[STUDY MATERIAL]:
[Start of section]
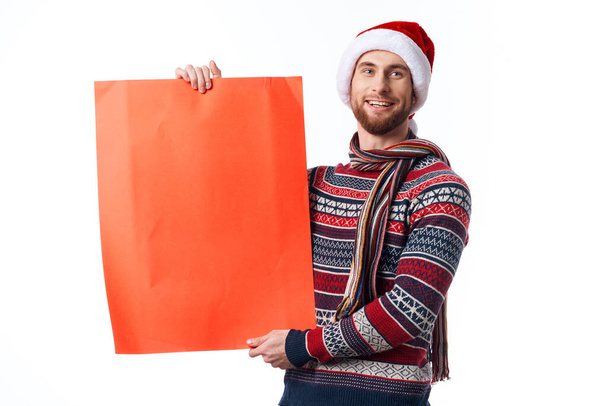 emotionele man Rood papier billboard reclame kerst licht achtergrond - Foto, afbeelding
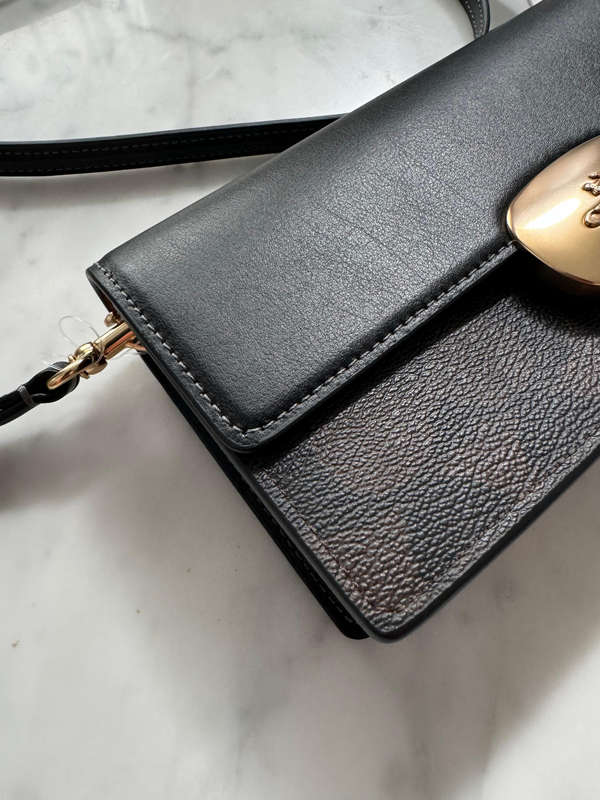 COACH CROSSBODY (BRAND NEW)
[End of section]
[Start of section]
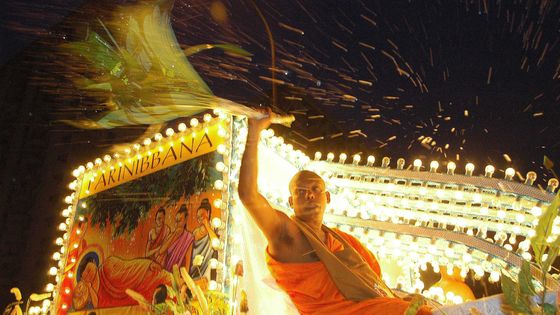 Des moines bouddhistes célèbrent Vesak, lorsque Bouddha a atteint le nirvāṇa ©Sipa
[End of section]
Extract from the material above the stretch running from the line containing "emotionele man Rood" through the line containing "COACH CROSSBODY (BRAND NEW)". Keep the text exact and the pictures out.

[ANSWER BOX]:
 emotionele man Rood papier billboard reclame kerst licht achtergrond - Foto, afbeelding
 COACH CROSSBODY (BRAND NEW)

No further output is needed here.